Seguí caminando en la solitaria noche, qué me quedaba. A pesar de mi incrospidez vino a mi mente el enorme poema de Octavio Paz: Soy hombre: duro poco / y es enorme la noche./ Pero miro hacia arriba: las estrellas escriben./ Sin entender comprendo: también soy escritura / y en este mismo instante alguien me deletrea. Pero la belleza de ese poema no alcanzaba para superar mi miedo ante esa enorme noche frente a mí que era como un gran agujero negro absorbiendo todo a su alrededor con un hambre voraz.
Por momentos pensé y hasta probé acurrucarme en algún rincón, pero no encontré uno solo que me pareciera adecuado. En todos los lugares en que lo intentaba sentía que me veían desde las casas, o que alguien podía salir y preguntarme -si bien me iba-, qué carajos hacía ahí. Y no sólo temía la amenaza de los humanos, sino de los perros guardianes de las casas o de los que dejan sueltos en la calle y que, cuando se ponen bravos y en manada, se echan encima de uno. Entonces, decidí mejor caminar con mucho cuidado, muy a las vivas, muy atento, con los ojos bien abiertos y las orejas bien destapadas. Caminé y caminé dos ó tres horas vislumbrando luces a lo lejos y diciéndome “es hacia allá”, pero para mi tristeza y desesperación me daba cuenta de que había regresado a lugares donde al parecer ya había pasado por ahí minutos antes. No lograba salir, estaba dando vueltas en el mismo lugar.

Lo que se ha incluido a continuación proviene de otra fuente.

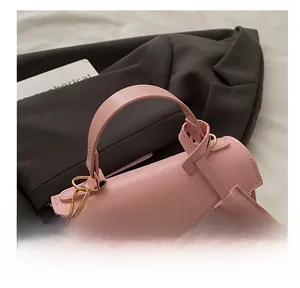 Detailed close-up of pink cherry print handbag with gold lock on brown coat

Ya por ahí de las 4 o 4:30 horas vi a una señora caminar por la calle, acompañada de un adolescente, supuse que quizá iban a buscar un transporte y los seguí a una muy prudente distancia para que no se espantaran o creyeran que les iba a hacer algo. Sin embargo, quién sabe porqué razón, a la mejor porque ese era su destino, o porque les dio miedo, después de caminar algunas cuadras se metieron en una casa. Me tuve que retirar en sentido contrario lo más rápido que pude, no fueran a comentarle a alguien que los venía siguiendo. Así que empecé otra vez a caminar y caminar entre calles solitarias, con perros ladrando, con los primeros trinos de los pájaros, con esa enorme y oscura noche encima de mí, con la soledad y con el miedo. Un rato después me encontré a una pareja. Igual los empecé a seguir a distancia, pero creo que les dio desconfianza, porque aceleraron el paso y en un descuido los perdí y otra vez quedé solo. Tenía miedo, mucho miedo, a un asalto, a los perros, a la violencia, a la soledad. Miedo por estar perdido en un lugar que no conocía, por no saber a dónde dirigirme y no tener ni idea de para dónde estaba el norte o el sur.
Por fin, después de mucho tiempo, no supe exactamente cuánto, a lo lejos me pareció escuchar que ya empezaba el sonido de los autos, camiones y peseros. Traté de distinguir de dónde venía el ruido y me dirigí hacia allá. También comencé a ver el resplandor de una luz fuerte, sin duda, era la luz del nuevo día que estaba comenzando, para allá estaba el este. Y comenzó el movimiento de la gente que se iba a trabajar. Empezaba el movimiento de esta enorme ciudad que en realidad nunca para. Había sido una noche que transitó de la alegría, el jolgorio, la amistad, la música y la borrachera, a la vivencia de una inmensa soledad y miedo. Ahora las luces a lo lejos y el sonido me daban ánimos, aunque ya me sentía muy cansado para seguir caminando, pero hacia allá, hacia el horizonte estaba la esperanza y la salvación.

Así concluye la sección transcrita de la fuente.